Kevin just about lost his shit. "You ran trains on this layout? How do you know Bruce Chubb?" I told him that Bruce is my step-uncle-in-law. He's the brother of the guy that my wife's mom married. She's a widow and he's a widower; it was the second marriage for each of them. I'm pretty sure that "step-uncle-in-law" isn't used very often, but that's who is he is to me.
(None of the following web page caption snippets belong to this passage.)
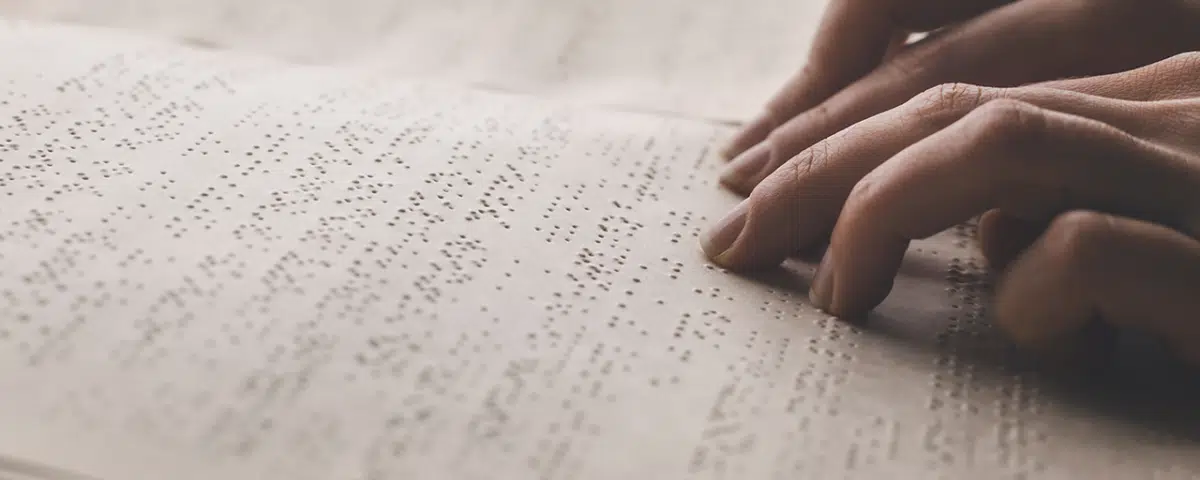 hands reading page of braille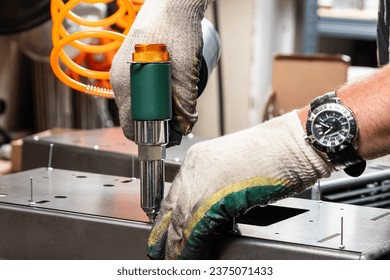 A mechanic uses a pneumatic rivet gun to install a rivet onto an aluminum sheet. The work of the pneumatic riveting gun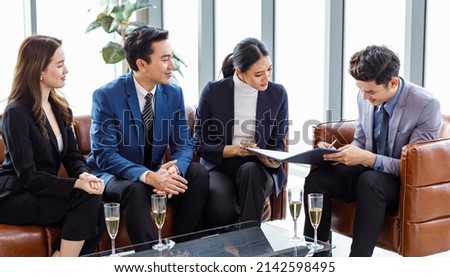 Asian professional successful male businessman customer in formal business suit sitting on leather sofa signing signature on contract agreement while happy company sales staffs smiling when job done.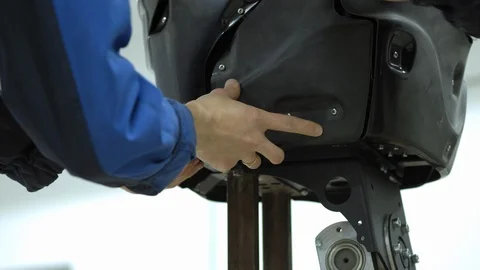 A group of engineers creates a modern robot or android. Check and repair broken Stock Footage 101372864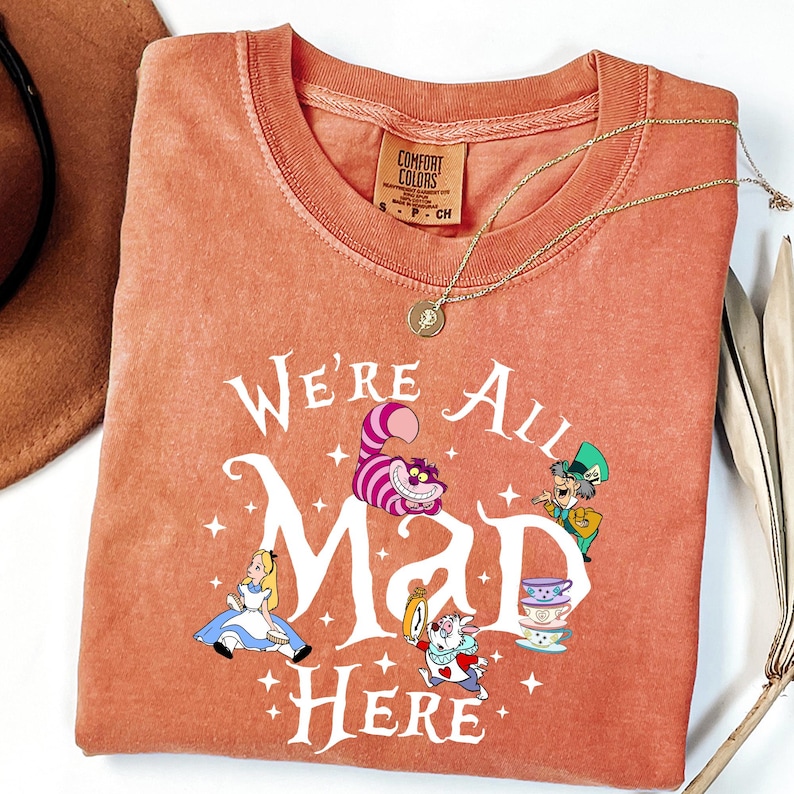 May include: Coral-colored Comfort Colors t-shirt featuring the phrase "We're All Mad Here" with Alice in Wonderland characters. A gold necklace with a pendant is draped across the shirt. A brown hat is visible in the upper left corner.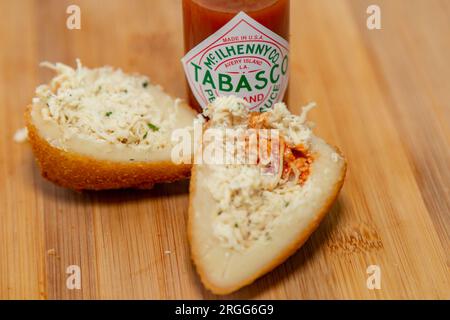 Traditionell gebratener Coxinha auf einem Holztisch im Fokus - brasilianischer Snack. Tabasco-Sauce-Pfeffer Stockfoto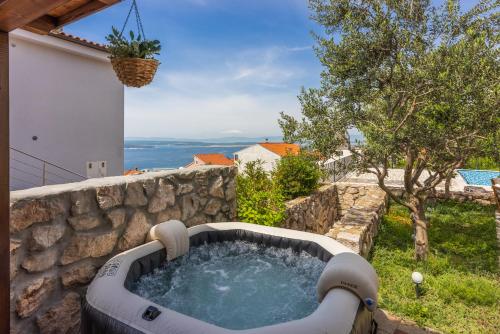 a hot tub in a stone wall in a yard at Marie in Crikvenica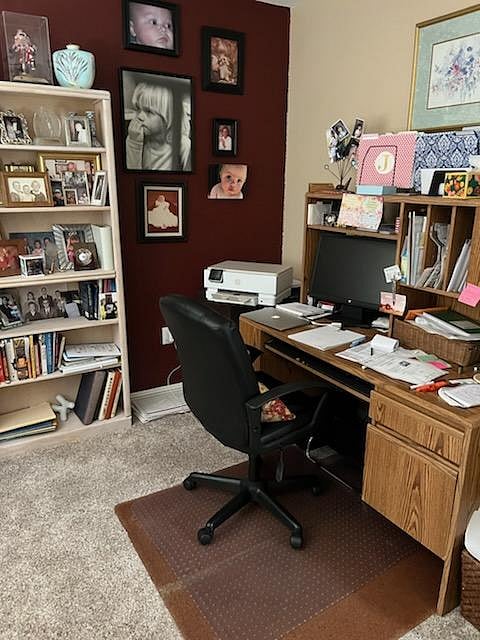 Private office workspace with desk and comfortable seating, ideal for remote work or studying.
And since this falls loosely under "Benefits of Home Ownership", let me tell you a little bit about this layout. Bruce and Janet built their new house specifically for the basement. Well, they didn't build it themselves, but they had it built from Bruce's design. He's an engineer (electrical, not the kind who drives trains, although he's done that, too). The house is a single level, three-car garage at one end, kitchen, living room, dining room, library, Janet's craft room, probably some other rooms I'm forgetting, and bedrooms at the other end. The house seemed to go on for acres. And the entire basement below it, including under the garage, was the
"train room". It is mind-blowing. Through custom circuitry of his own design, each operator is assigned a train, and the box they hold controls that train. Throttle, brakes, horn. My son drove a train for half an hour, through mountains and towns, and barely covered a fraction of the layout. This was 25 years ago; that level of tech hadn't been invented yet. Well, actually it had; Bruce is the guy who invented it. He designed the circuit boards that people still use today.